Russian roulette: a game idolized in films and played around dark poker tables with the smell of tobacco and vodka thick in the air. Who would think such a dark and morbid game would yield surprising mathematical insights!

Before we begin, it is helpful to define a few terms. If each participant has an equal chance of winning, then the game is “fair”. Therefore, a coin toss would be “fair” since each person has a 50% chance of winning. We will define “winning” in roulette as not being shot, a very natural definition. “Losing” is defined as being shot. Each game is played until completion (someone loses). In Russian roulette, there are 2 participants, Alice as Player 1, and Bob as Player 2. Therefore, if each has a 50% chance of being shot then the game is fair. Enough with the introduction, let’s begin.

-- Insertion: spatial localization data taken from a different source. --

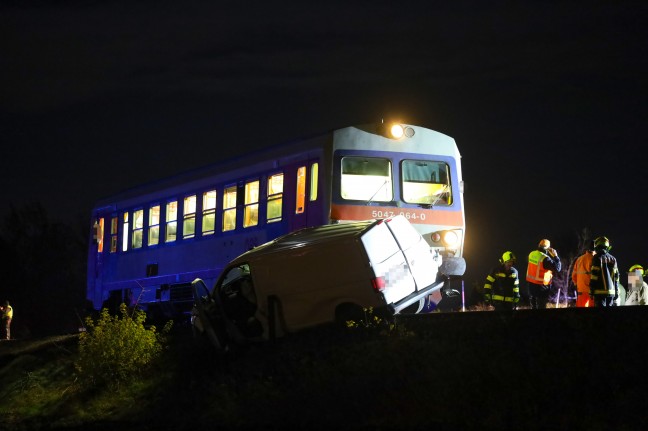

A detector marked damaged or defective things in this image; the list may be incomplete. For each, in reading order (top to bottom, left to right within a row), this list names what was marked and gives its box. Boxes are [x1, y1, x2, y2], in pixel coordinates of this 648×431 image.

crashed van [191, 216, 446, 352]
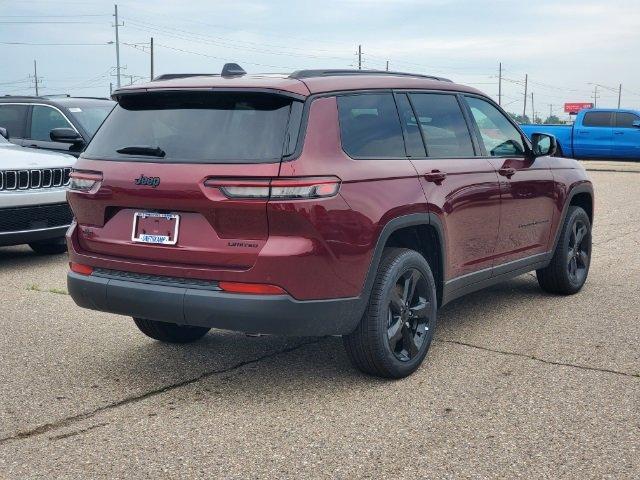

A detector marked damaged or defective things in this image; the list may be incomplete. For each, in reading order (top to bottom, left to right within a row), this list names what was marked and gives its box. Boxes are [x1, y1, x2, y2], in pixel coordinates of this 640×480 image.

pavement crack [0, 338, 322, 446]
pavement crack [438, 338, 636, 378]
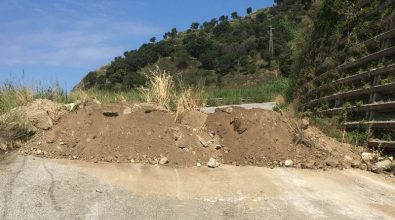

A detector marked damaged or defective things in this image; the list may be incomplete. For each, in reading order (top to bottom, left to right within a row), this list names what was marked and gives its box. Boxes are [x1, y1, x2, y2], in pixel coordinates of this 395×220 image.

cracked asphalt [0, 154, 395, 219]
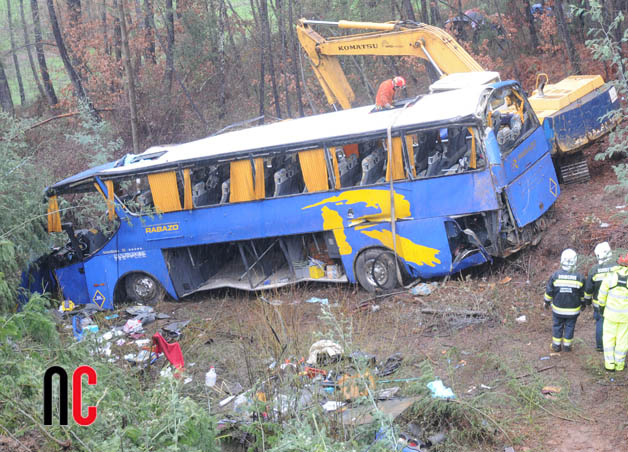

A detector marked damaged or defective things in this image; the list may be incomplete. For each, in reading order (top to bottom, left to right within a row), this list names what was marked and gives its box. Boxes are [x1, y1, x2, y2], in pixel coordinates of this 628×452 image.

crushed bus roof [50, 83, 496, 191]
overturned vehicle [22, 81, 556, 308]
crashed blue bus [23, 79, 560, 308]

To define the game we will take a standard revolver with 6 chambers and 1 bullet. The bullet is loaded into a chamber and the barrel is spun to randomize the placement of the bullet. Alice picks up the gun and pulls the trigger. If the gun goes off, she loses. If not, she passes the gun to Bob. (At this point in the analysis, we will assume Bob grabs the gun directly with no further interaction. Later we will consider a different scenario.) Bob then pulls the trigger. If the gun goes off, he loses. If not, he passes the gun to Alice. This process repeats until someone loses the game. Each time someone pulls a trigger, we consider it a complete round. Below is a flow chart of a sample game.

As you can clearly see, this round was won by Alice because Bob lost by being hit with the bullet. Now we could play the game repeatedly with a non-lethal gun to see the different possibilities but this could take some time. We could run a computer simulation to play millions of games to try to determine a pattern. However, what if there was a systematic way to do this?

Well we are in luck. Mathematicians invented the concept of a probability tree to do just that. Below is a probability tree based on our version of Russian roulette. I have left out the probabilities for the time being so you can clearly see the potential outcomes. We will evaluate the chance of each option happening later on.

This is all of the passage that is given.